Figure 1.

Capillary microfluidic encapsulation of stem cells in core-shell microcapsules for vitreous cryopreservation. (A) A schematic illustration of the major steps: (a) cells are encapsulated in droplets using a double emulsion flow-focusing tube-in-tube capillary microfluidic device, (b) the droplets are immersed into aqueous CaCl₂ solution for crosslinking into microcapsules with a calcium alginate hydrogel shell, (c) the microcapsules are collected, washed, and resuspended in 0.9% NaCl solution, (d) after incubated in a cryoprotective agent (CPA) solution, the microcapsules are loaded into a plastic straw (PS), (e) after sealed at the distal end using wax, the PS is plunged into liquid nitrogen (LN₂) for cooling, and (f) the PS is plunged into 37 °C waterbath for warming the sample.
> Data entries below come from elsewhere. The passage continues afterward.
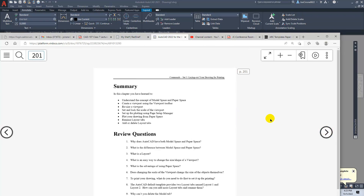That completes Chapter 7 — information on layouts and printing in AutoCAD.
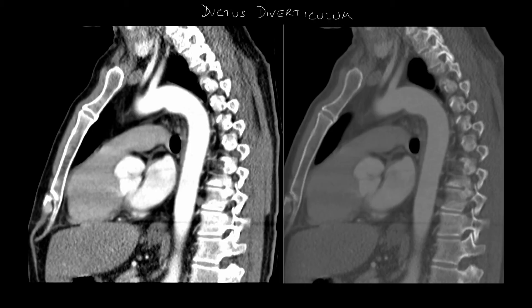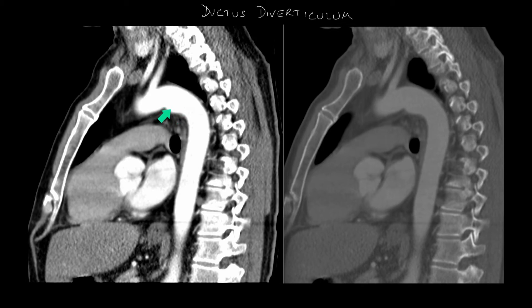This patient, on the other hand, has ductus diverticulum. Unlike a pseudoaneurysm, this has an obtuse angle with the wall of the aorta and is more anteriorly placed than a pseudoaneurysm.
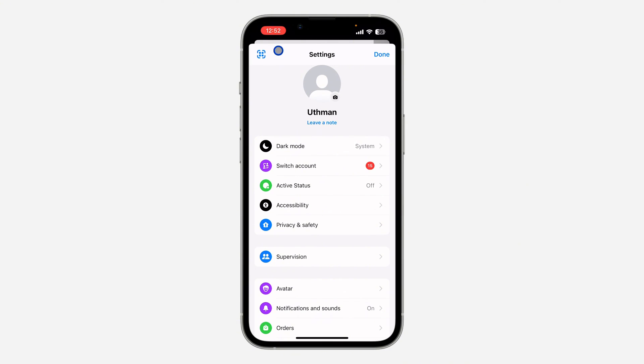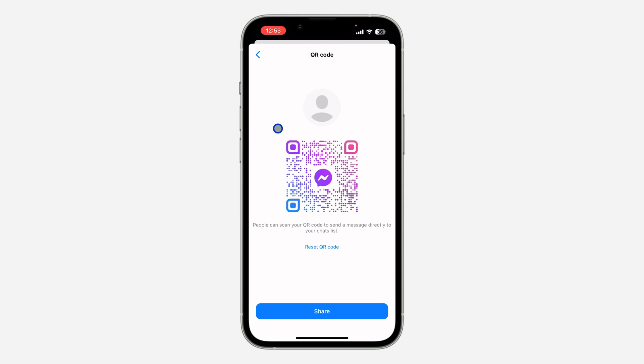Once you get to your settings, you're going to see the QR code icon at the top left corner. Just click on it and your QR code will appear.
I1: ice-cold cell suspension with 1% (wt) sodium carboxymethylcellulose, 1% (wt) sodium alginate, and 0.5 mol L⁻¹ trehalose in 0.25 mmol L⁻¹ D-Mannitol. I2: 2% (wt) sodium alginate solution. I3: corn oil. (B) Fabrication of core-shell microcapsules with controllable outer diameter and shell thickness. (a) and (b) show the dependence of the diameter of the microcapsules on the flow rate of the continuous oil phase (n = 70–84, * p < 0.05). (c) - (e) show the dependence of both the shell thickness and diameter of the microcapsules on the flow rate of the aqueous shell fluid (n = 60–89, * p < 0.05).